There are many shades of gray along the spectrum of water for energy and energy for water—endless variety of contexts, constraints and drivers, as Maria Donoso (Florida International U., Global Water for Sustainability (GLOWS) Program) put it. Sometimes we have to tradeoff greenhouse gas emissions reductions for environmental damages. As an example, Donoso posed, what is the over all greenhouse gas emissions impact vs. the ecological impacts from one big vs. multiple small dams and reservoirs? Early studies are showing, she went on, that as much as two times as much greenhouse gas emissions (mainly methane) from many smaller reservoirs compared to one big reservoir. Whereas one big reservoir may have greater ecological benefits (though, ecologically and culturally speaking, no dam is preferable!) In the workshop, we heard about two case studies–from south Florida and Phoenix, AZ. For Florida we heard from the director of the Everglades Division Florida Water Management District, Dr. Fred Sklar, and the city engineer for Miami Beach, Bruce Mowry. (text continued below photo)
Sklar’s office manages those basins, pumps, and levees to keep enough water on the land to avoid drought, but not so much that it floods, in order to meet the variety of human land uses and ecological restoration needs. Sklar characterized the water management problems in the Everglades as ranging from tame to messy (climatic difficulties) to wicked (social – land use issues) to messy-wicked (climate – social – land use problems). Is this interdisciplinary characterization of environmental issues starting to sound familiar? Sea level rise is especially hard to prevent/adapt to because of the porous calcium carbonate substrate underlying most of south Florida. This rock’s porosity allows saltwater to easily intrude underground and move vertically up onto the landscape. Meaning sea level rise is not simply a rising surface level rolling over the landscape from the coast, rather sea walls actually keep flood waters upwelling from below trapped on the land rather than keeping out rising surface water. Rising sea levels are caused by the thermal expansion of water at warmer temperatures and melting land ice. These effects are not felt uniformly across the globe, rather localized changes in sea water temperature, salinity, and circulation lead water to “pile up” in certain regions and not others. Sklar approaches these issues with a balance between local and regional perspectives—in response to the US congress not working at the larger scale and the need for locally tailored solutions. He pointed out that we have to be systems thinkers to make sure we don’t use a solution that is beneficial at the local scale but not at the regional scale.

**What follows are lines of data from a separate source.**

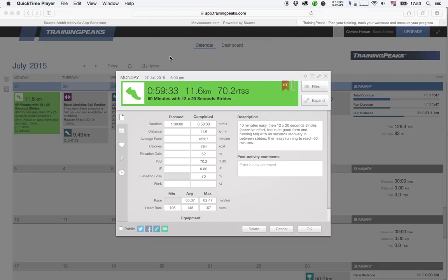Hello everyone, in this short video I'm going to explain to you how to use the third-party Suunto Ambit Intervals App Generator website to create custom workouts for your Suunto Ambit GPS watch.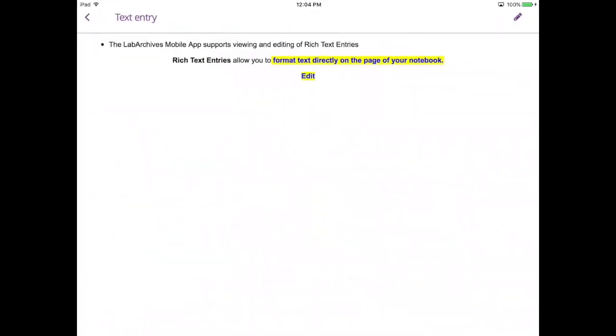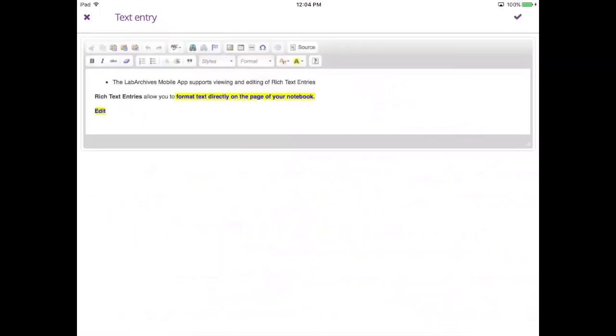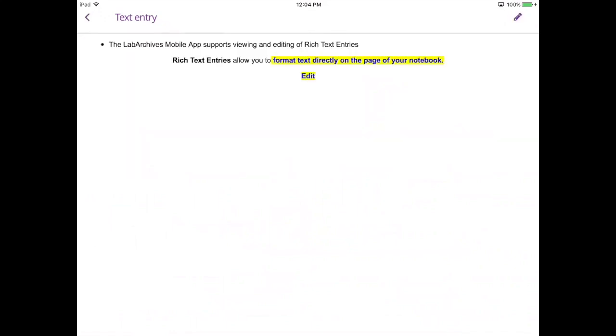To edit entries like rich text entries, headings, and plain text entries, tap the pencil icon on the top right. If you would like to cancel your edits, tap the X on the top left. And to save, tap the check on the top right.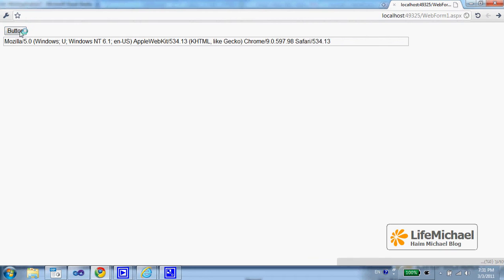I actually get the value of the userAgent HTTP header, a value we can use for detecting the web browser from which the request arrives.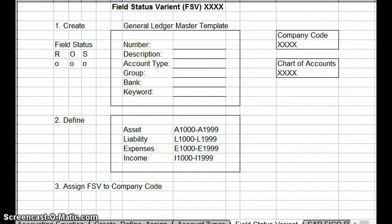Good morning, my fellow SAP students. What I wanted to talk about this morning in SAP was the field status variant. Basically, every general ledger account has a field status variant.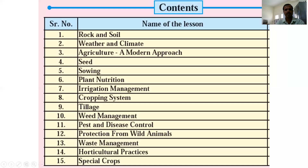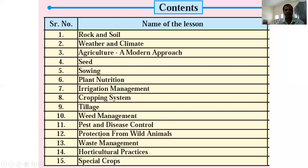Lesson 10 is Weed Management — managing plants that are not desirable. Lesson 11 is Pest and Disease Control, covering different crop pests and their control. Lesson 12 is Protection from Wild Animals.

Here, the wealth generated from the status quo seals the city’s fate as the old school culture of growth is just too tempting to turn away from, preventing the powers that be in this sea level city from looking straight into the eye of the beast (climate change) and dealing with it head on through transformative solutions. Miami-Dade county relies on Miami Beach’s tourism revenue to support the rest of the county’s public services. Currently, the city government has tunnel vision for the status quo as the best economic solution. Deciding to raise sidewalk levels is easy, the hard part is brainstorming solutions that allow the city and county to diversify their revenue stream while taking advantage of Miami Beach as a tourist attraction. Dan Childers‘ (Global Institute of Sustainability at Arizona State University) presentation was at times a striking contrast to the south Florida case study but also showed a few surprising resemblances. He spoke about the water-energy nexus in the Phoenix Valley metro area in Arizona, which includes 26 separate municipalities. To an Appalachian (such as yours truly), one desert city is the same as the next. But in order to understand the situation in Phoenix it is helpful to compare it to Las Vegas. The two cities are very similar in climate yet very different in hydrology: Phoenix has the Salt and Verde Rivers while Las Vegas relies solely on Lake Mead, which we all know is shrinking. This has put the two cities on very different cultural and water managerial trajectories: where Las Vegas has aggressively pursued water efficiency improvements (and out of basin water sources), Phoenix continues to be an “oasis city” where growth continues to be the economic mantra and the idea of water scarcity is swept under the rug.
Childers used three new terms. Academics, especially those in sustainability research, seem to love coining new terms, but these three are actually useful, demonstrated by how rapidly they were adopted into the discussion. They characterize the three types of barriers Childers sees to system-level changes: 1) systemic inertia--hindering novel or transformational change; 2) social inertia—people are okay with change as long as it happens to someone else; and 3) infrastructural inertia—it is easier to put bandaids on the current system than to build a new one from the ground up. We need a new framework for water and energy management that incorporates and engages all stakeholders….Altogether, our understanding of the water-energy nexus–identifying it, quantifying it, and transforming it–is just beginning. In our workshop discussion I could see that in order to get at the heart of this issue we need to pursue many paths, pull apart multiple layers of complexity, and integrate perspectives across many disciplines, including engineering, ecology, sociology, urban planning, and water management policy–sign me up! I’m excited to be part of this new working group and I hope to report back to you on our future discussions.